Using two different enzymes (EcoRI & HindIII) creates non-compatible sticky ends on the vector. This prevents the vector from re-circularizing without an insert and ensures the insert is cloned in the correct orientation.

Standard Reaction Mix

  • Vector DNA (100ng/µl): 9 µl
  • Insert DNA (100ng/µl): 3 µl
  • 5X Ligase Buffer: 4 µl
  • T4 DNA Ligase: 1 µl
  • Sterile H₂O: 3 µl
  • Total Volume: 20 µl

Incubation at 16°C for 2-4 hours (optimal for sticky-end ligation, balancing enzyme activity and end stability).

Note: Aliquot the ligase buffer to avoid degrading the ATP from repeated freeze-thaw cycles. Lower temperatures favor better ligation. Maintain pH 7.6-8.0. Add PEG for efficiency.

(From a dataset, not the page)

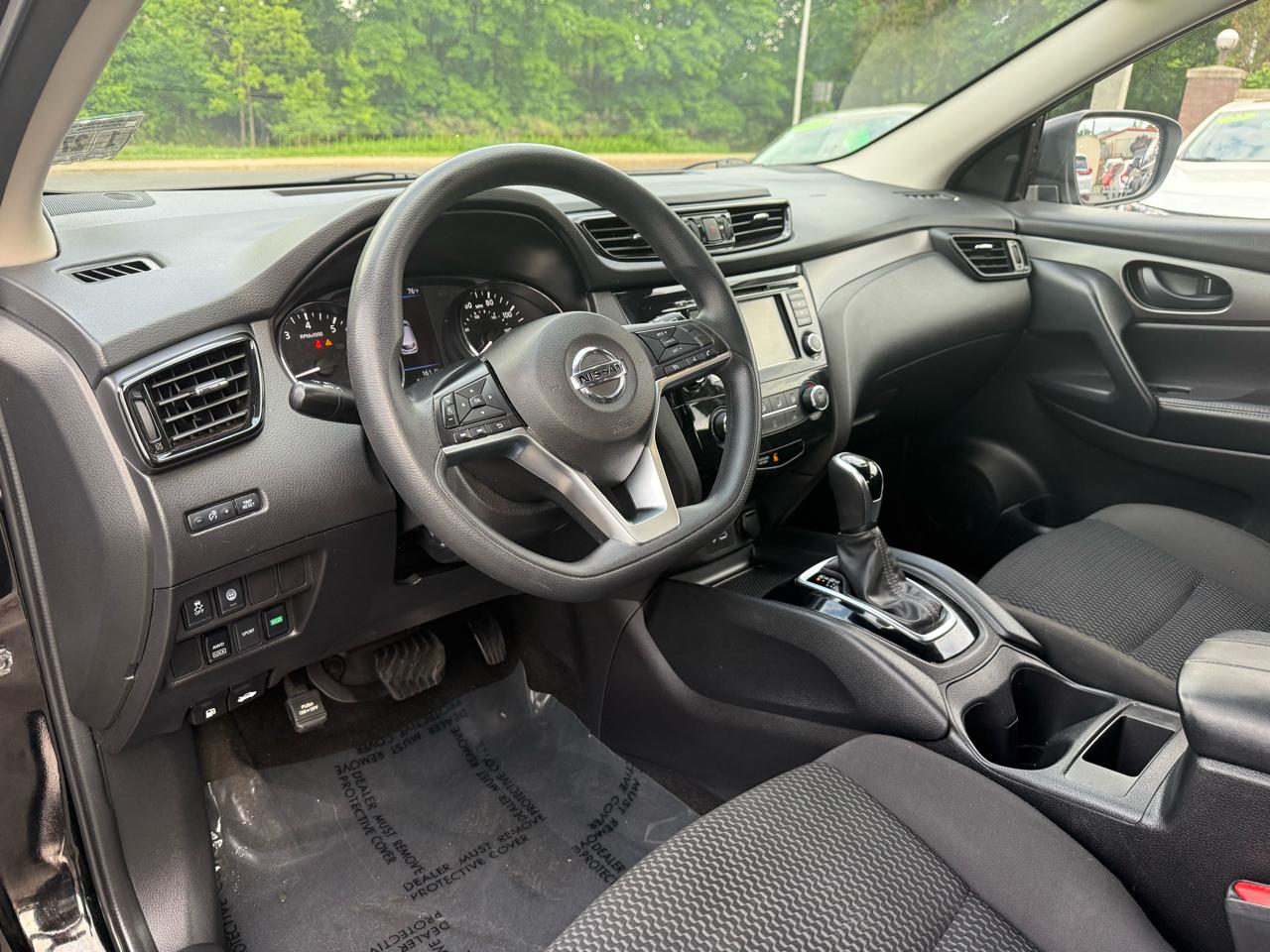Nissan Rogue Sport S AWD 2021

Restriction enzymes reduce background.

Transformation

Aim

To introduce the ligated plasmid product into competent TOP10 cells and screen for recombinant clones.

Principle

Changing a cell’s genotype by introducing foreign DNA. Cells that take up the pUC18 plasmid (which has an AmpU gene) survive on ampicillin plates.

Key Screening Method: Blue-White Screening

  • pUC18 has a LacZα gene with a Multiple Cloning Site (MCS).
  • Functional LacZα: Cleaves X-gal (with IPTG inducer) → Blue colonies (vector without insert).
  • Disrupted LacZα (Insert in MCS): Cannot cleave X-gal → White colonies (recombinant plasmid).

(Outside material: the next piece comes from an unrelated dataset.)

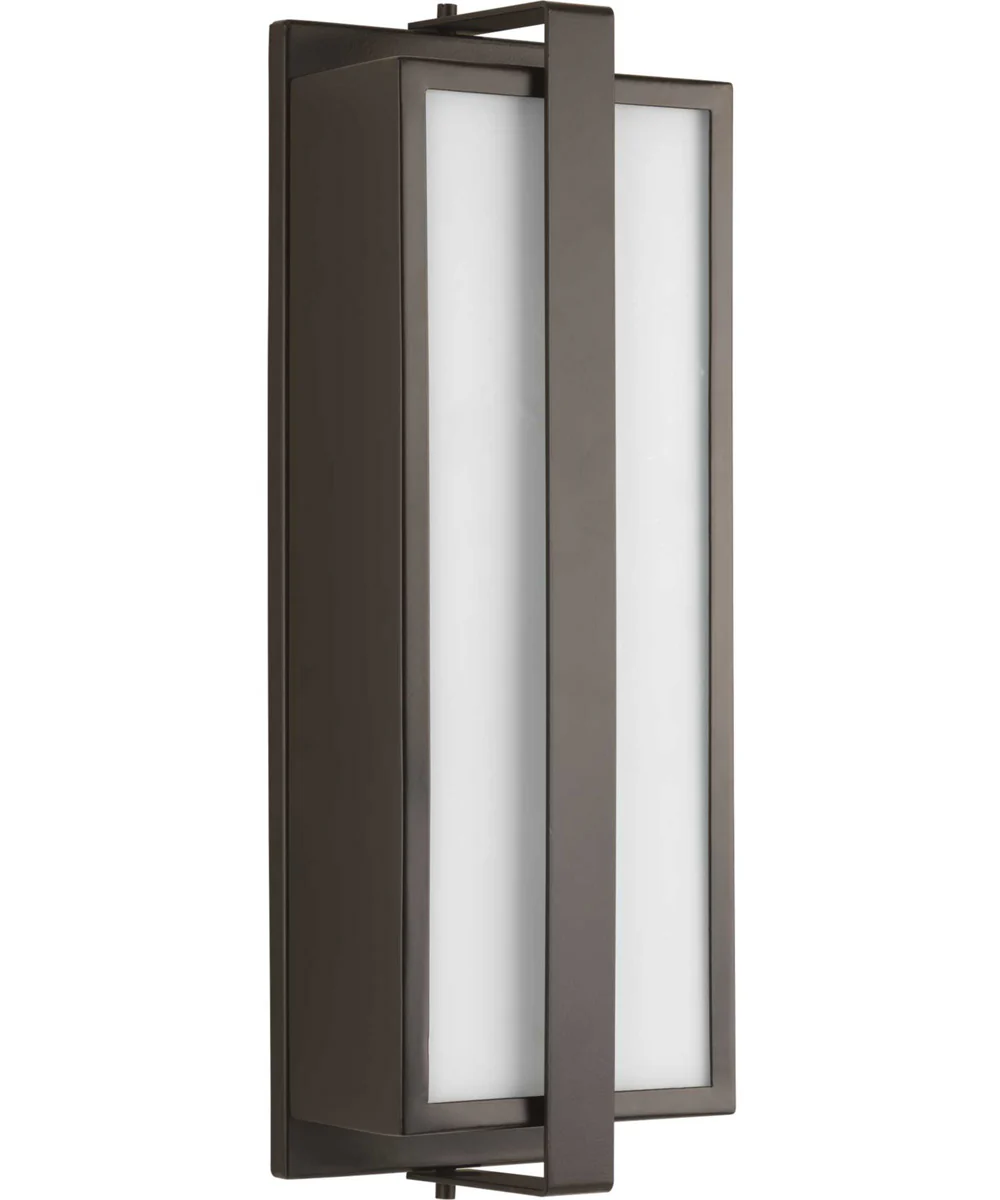 Diverge 2-Light Medium Wall Lantern Architectural Bronze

Transformation Steps (Heat-Shock)

  1. Thaw competent cells on ice.
  2. Add DNA, incubate on ice for 30 min.
  3. Heat-Shock at 42°C for 45 seconds.
  4. Recovery: Add LB broth, incubate at 37°C for 1 hour with shaking.
  5. Plate on LB with antibiotics + Amp + IPTG /X-gal blue/white screening plates.
  6. Spread using a hockey stick or glass spreader; incubate at 37°C overnight.

Essential Controls

  • Negative Control: Cells + no DNA → No growth (confirms antibiotic is working; checks backbone colony formation).
  • Positive Control: Cells + intact plasmid → Many blue/white colonies (confirms transformation worked; checks viability).
  • Experimental: Cells + recombinant DNA → Measures transformation efficiency.

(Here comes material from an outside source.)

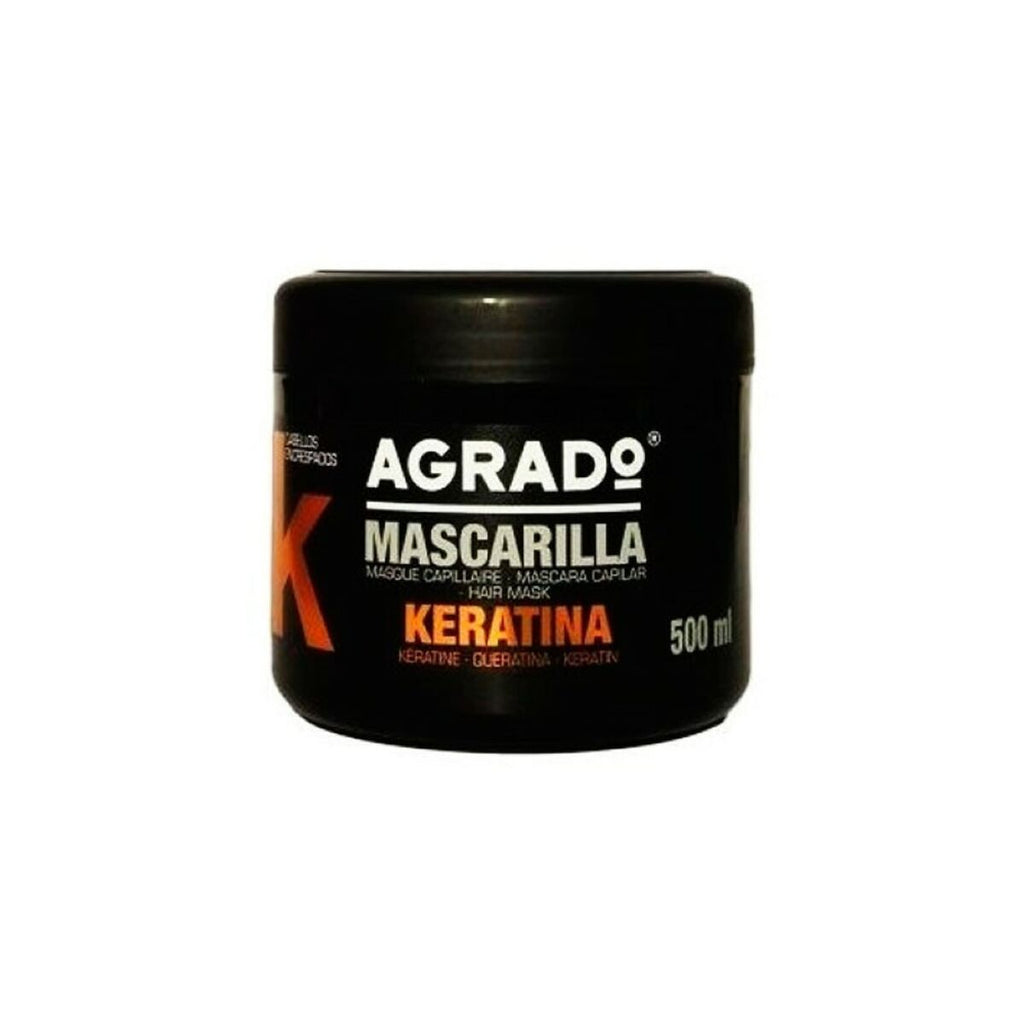 Repairing haar-reparatur-maske keratine agrado (500 ml)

The recovery period is crucial; it allows the bacteria to express the ampicillin resistance gene before being exposed to the antibiotic.

Polymerase Chain Reaction (PCR)

Aim

To amplify the inserted λDNA fragment within the pUC18 vector to confirm its presence.

Principle

A thermal cycling reaction that uses a DNA polymerase to exponentially amplify a specific DNA sequence defined by two primers.

Components

  • Template DNA: The putative recombinant plasmid.
  • Primers: M13 Forward & Reverse (bind outside the MCS in pUC18).
  • Taq DNA Polymerase: Heat-stable enzyme.
  • dNTPs: Nucleotide building blocks.
  • Buffer: Provides optimal pH and Mg²⁺ (cofactor for Taq).

The PCR Cycle

  1. Denaturation: ~95°C – Melts DNA into single strands.
  2. Annealing: ~50-65°C – Primers bind to their complementary sequences.
  3. Extension: ~72°C – Taq polymerase synthesizes the new DNA strand.

Standard Reaction Mix

  • Template DNA: 5 µl
  • Forward & Reverse Primer (10mM): 0.5 µl each
  • dNTPs: 0.5 µl
  • Taq Polymerase: 0.2 µl
  • 10X Buffer: 2 µl
  • Sterile H₂O: 11.3 µl
  • Total Volume: 20 µl

The success of this experiment confirms the presence of the insert. If the insert is present, the M13 primers will produce a PCR product of a specific, predictable size.